More on the Arab media's response to the tsunami. The Saudi telethon continues apace, racking up enormous private contributions. Abdullah al-Mahfouz bin Bayat, a Mauritanian Islamic preacher, writes in al Sharq al Awsat today that the emerging Muslim response to the tsunami offers a moment of hope, demonstrating that Islam is a compassionate religion. The televised appeals are getting a lot of publicity, and collecting a lot of money.
Over in Al Hayat, Ragheda Dergham describes the Arab response as "a tardy awakening for the Arabs [with] harsh lessons for the future." Like Abd al Bari Atwan in al Quds al Arabi a few days ago, Dergham writes that the Arabs felt embarrassed too late by their weak response, and that their contributions now - which are still absurdly small - came in response to criticism and not as an honest, profound sense of human responsibility. This really has become one of the most prominent themes running through the media commentary I've been tracking - criticism of Arab states, Islamic movements, and even public opinion for their weak response to the tsunami. I'm still waiting to see if the media begins to take credit for forcing their leaders to change their tune. In this piece, by the way, Dergham asks an interesting question, to which I don't know the answer: has (or will) the United States reached out to local Muslim or Islamist organizations to help with the relief effort? Wouldn't that be a good way to begin to work together?

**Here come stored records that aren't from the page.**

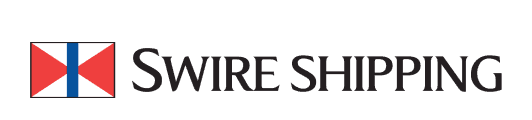 Swire Shipping shipping line company logo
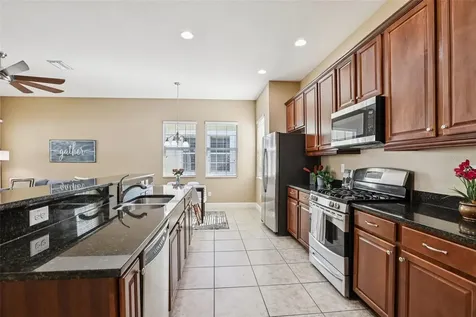 221 Sunset Crest Court Apollo Beach FL 33572
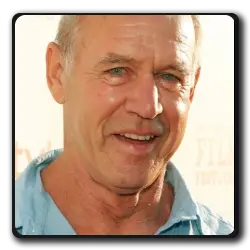 Capitaine Schroeder Inconnu(films-non-classes)
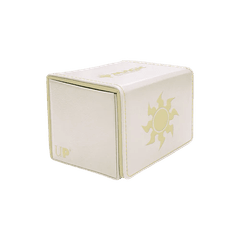 Ultra Pro Alcove Edge Deck Box - Plains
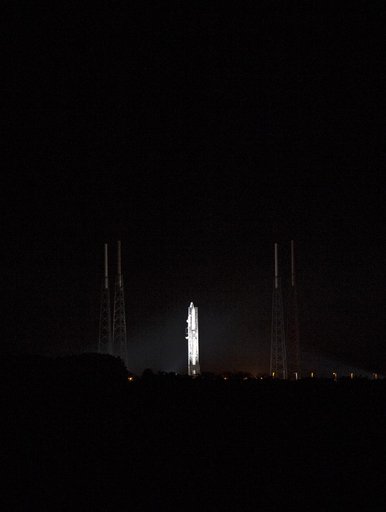 KSC-2013-1268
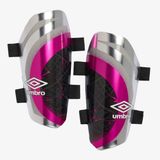 Umbro Neo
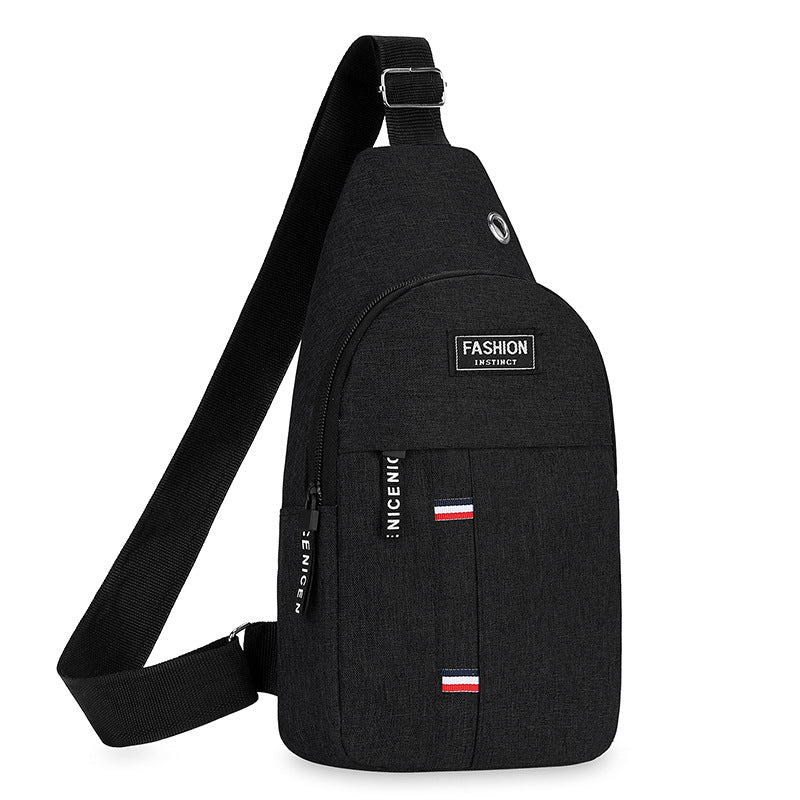 Sling Bag Kalsten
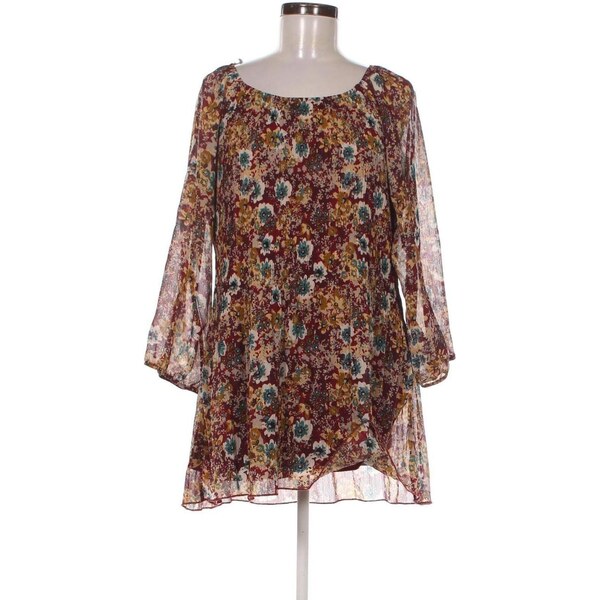 Dámska blúza Unbranded 66568193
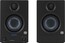 PreSonus ERIS-3.5 [Demo Item] 3.5" Media Reference Monitors Image 1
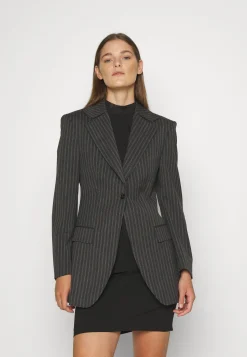 Lunie - Manteau Court|Tiger of Sweden Store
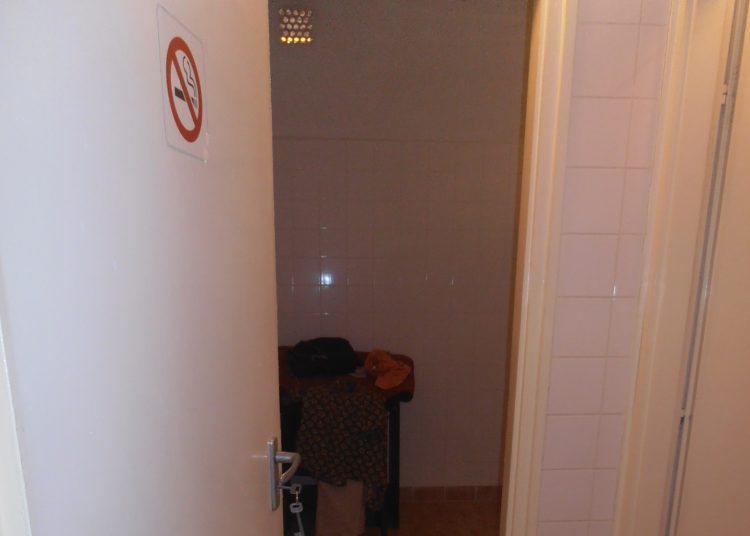 Vác Város Önkormányzat ingatlanhirdetései – fotókkal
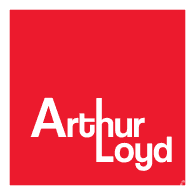 Arthur Loyd Asset Management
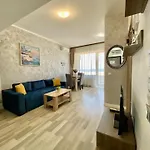 Apartment Maria Summer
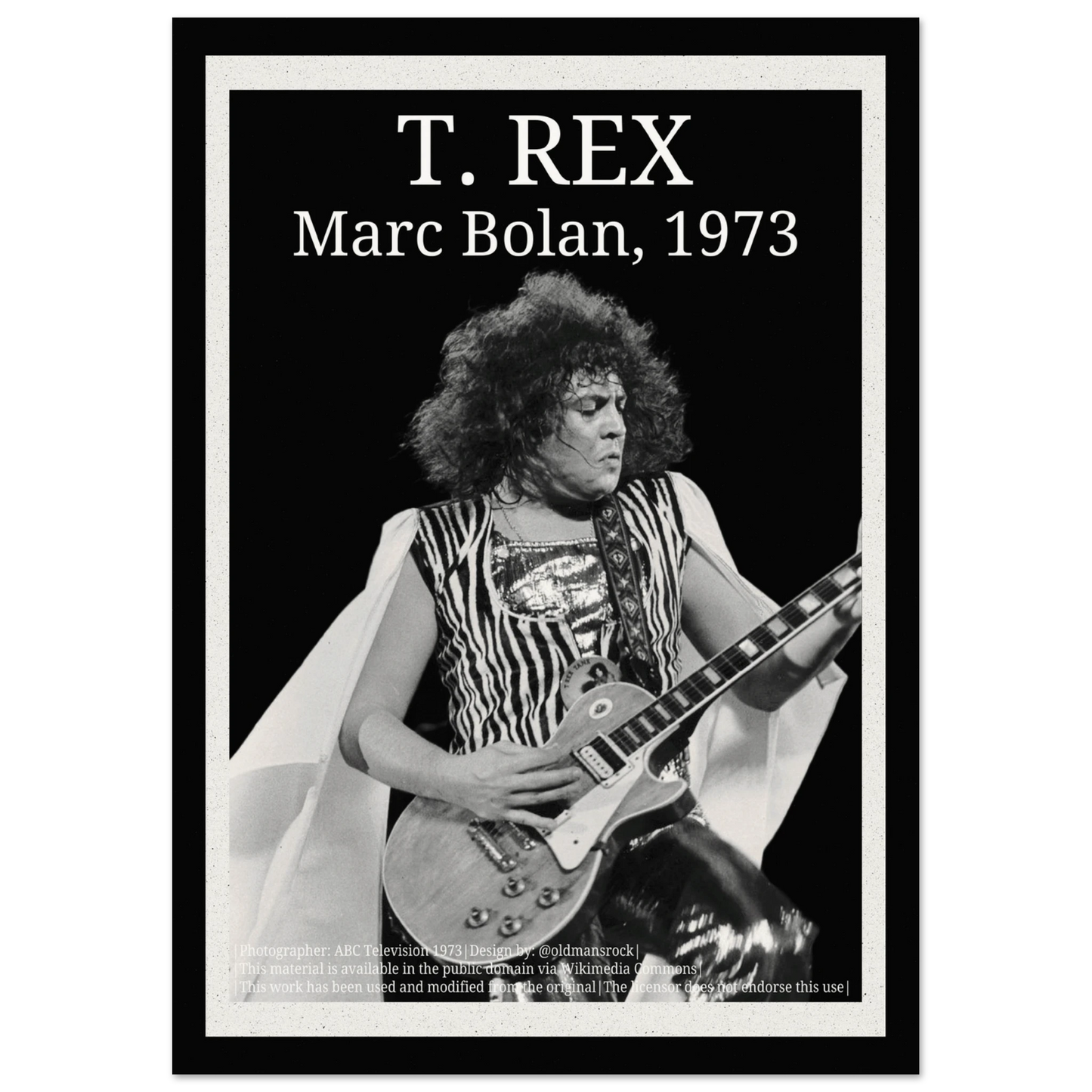 df331e4e-9328-419c-b10b-0134eb4fa846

In a seperate piece in al Hayat, Dergham debunks the conspiracy theory that the tsunami was set off by an American nuclear experiment. Good to see debunking of conspiracy theories in the Arab media, by the Arab media. A December 31 piece by Dergham pleaded for the world to use the tsunami
disaster to recognize the need for "a global citizenship" to transcend
national self interest, and got in some shots at American foreign
policy along the way (but did not spare Muslim or Arab states, either -
they also felt her scornful wrath). Some earlier pieces in al Hayat were more critical of the US. For example, a January 3 piece by Abd al Wahhab Badrakhan emphasized that Bush only increased from $35 million to $350 million after receiving a lot of criticism (note that he did not use the real original figure of $15 million), and then explored the contradictions in the American global posture.

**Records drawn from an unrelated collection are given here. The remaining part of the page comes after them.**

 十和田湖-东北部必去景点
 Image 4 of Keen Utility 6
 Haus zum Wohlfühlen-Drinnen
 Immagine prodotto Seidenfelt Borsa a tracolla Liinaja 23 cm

Meanwhile, in the regularly anti-American al Quds al Arabi, the columnists have begun to awaken on the tsunami. Subhi Hadidi asks, observing the tremendous outpouring of global responses to the tsunami: "is this the same world which ignored the disasters of Rwanda and Congo and Darfur? The world of occupied Palestine and occupied Iraq and occupied Afghanistan? The world of Guantanamo prisoners and the Abu Ghraib prison and the massacres of Fallujah?" Hadidi argues that global civil society and private citizens far outperformed their governments. And he is scathing towards the United States and dismissive of American efforts and the motivations behind them. I expected to see a lot more stuff like this, to be honest, but it hasn't been as prominent as you'd think. But it is definitely out there.

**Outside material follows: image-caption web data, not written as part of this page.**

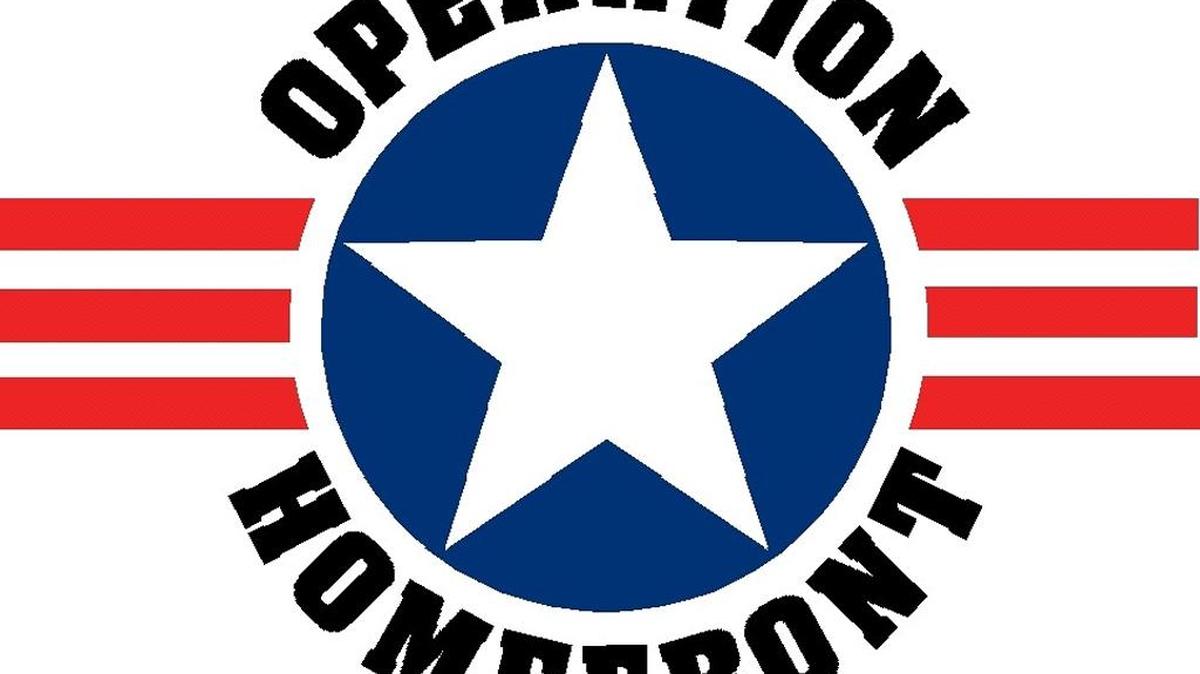 Operation Homefront is a non-profit organization aimed at helping military families overcome many of the challenges inherent in military life. The result is stronger, more stable and more secure military families.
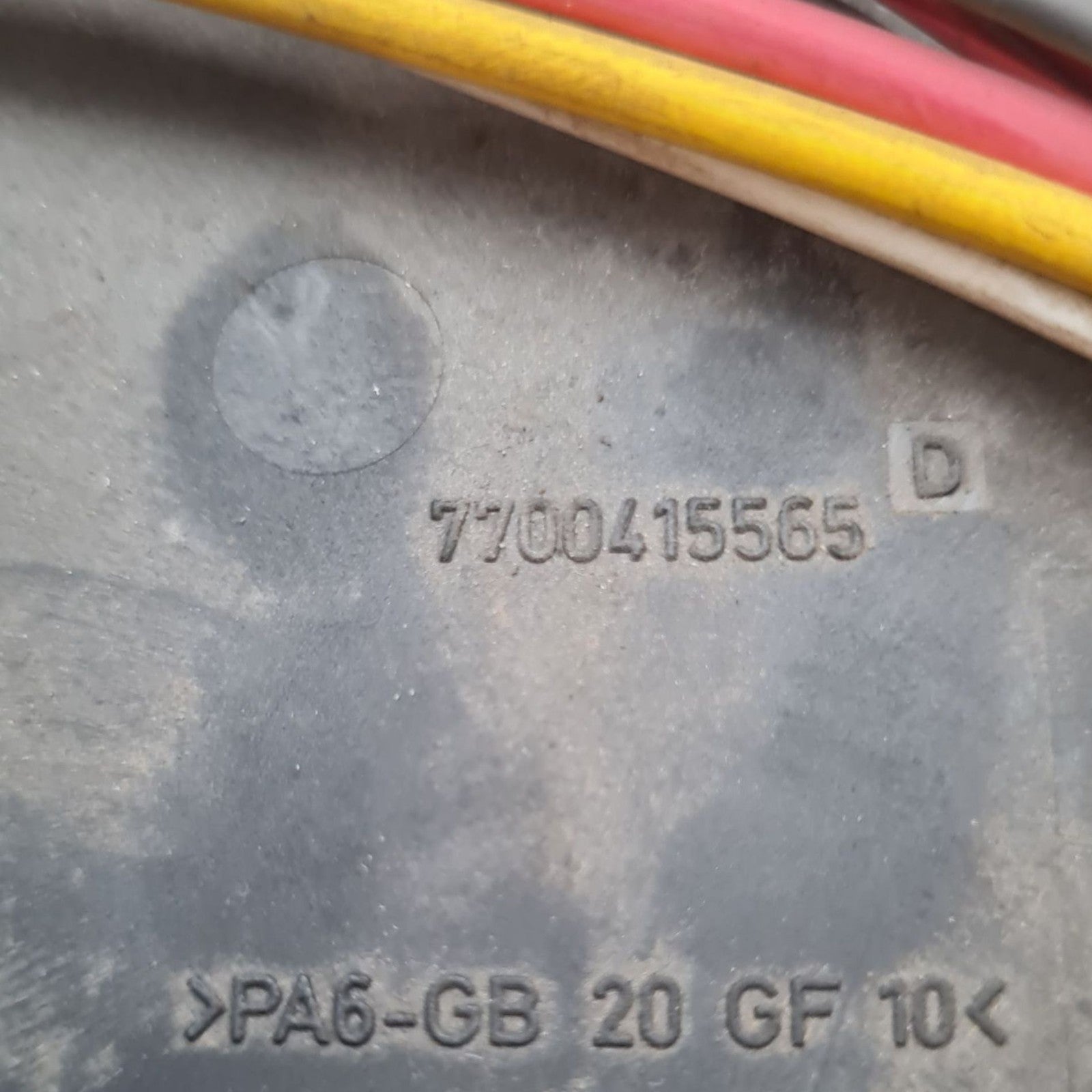 Image #3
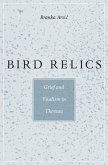 Bird Relics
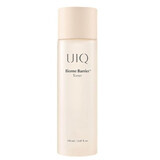 Biome Barrier Toning Lotion, 150 ml, UIQ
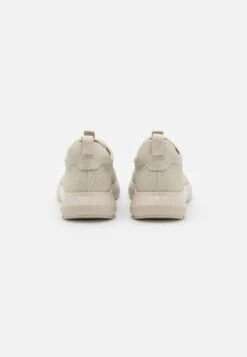 ECCO Ath 1Fw - Sneakers Laag - Gravel -Ecco Winkel 587aefc741ff4d1096d3a1d4e661f4d1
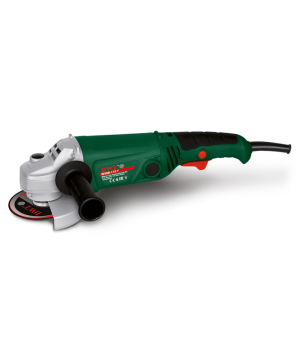 Angle grinder «Master Trade» DWT, WS08-115 T, 860 W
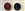 No Initials, SET - Item: BUT01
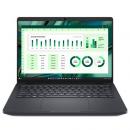 【法人様宛限定】Dell NBWS044-011N3 Dell Pro Max 14(Core Ultra 5 235H/16GB/SSD・512GB/光学ドライブなし/Win11Pro/Officeなし/14型/インテル Arc/Arc Pro GPU/3年保守)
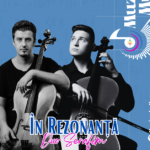 Recitalul În Rezonanță cu Duo Serafim la Muzeul Colecțiilor de Artă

Meanwhile...when it looks at Arab media responses to the tsunami, MEMRI finds only conspiracy theories and anti-Americanism. You find what you look for, I suppose. I look at the two most widely viewed television stations and two of the most widely read daily newspapers, and tell you what I find - including two arguably "anti-American" pieces, along with a surprising trend of self-criticism of the official Arab response. MEMRI digs up a relatively obscure Saudi television station and an Egyptian tabloid saying what they want to hear, and then passes it off as representative of the Arab media as a whole. Vintage.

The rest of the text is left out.